Task description: What should come back is the data below, word for word, minus any picture.

Data section:
_ _ _ _
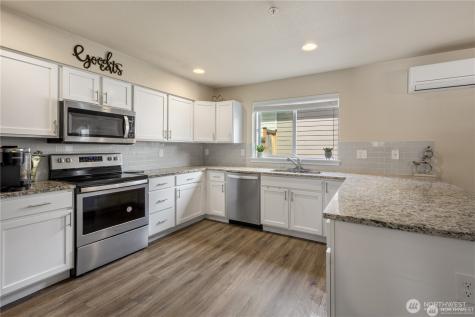 213 Norpoint Way NE Tacoma WA 98422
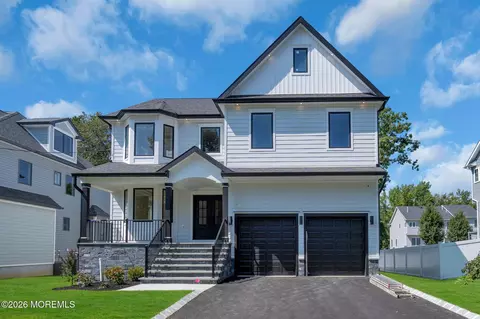 25 Wicker Pl, Morganville, NJ 07751
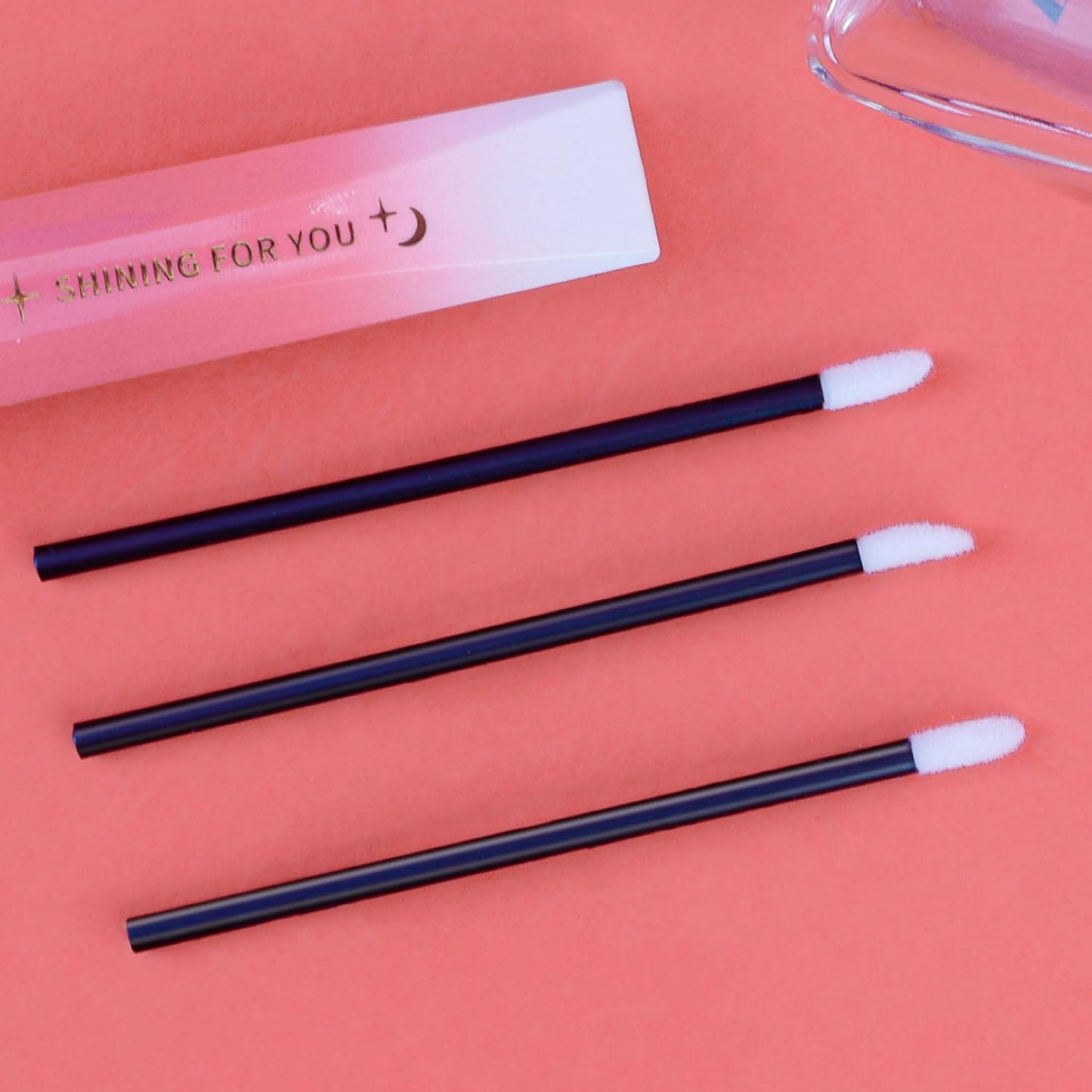 COCIDE 700Pcs Disposable Lip Brush– Lip Applicators Makeup Applicators Lipstick Brush Makeup Brushes & Tools Lip Wands Makeup Artist Kit Essentials Beauty Tools (Black, 700Pcs)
_ _ _ _
The completed task:
 213 Norpoint Way NE Tacoma WA 98422
 25 Wicker Pl, Morganville, NJ 07751
 COCIDE 700Pcs Disposable Lip Brush– Lip Applicators Makeup Applicators Lipstick Brush Makeup Brushes & Tools Lip Wands Makeup Artist Kit Essentials Beauty Tools (Black, 700Pcs)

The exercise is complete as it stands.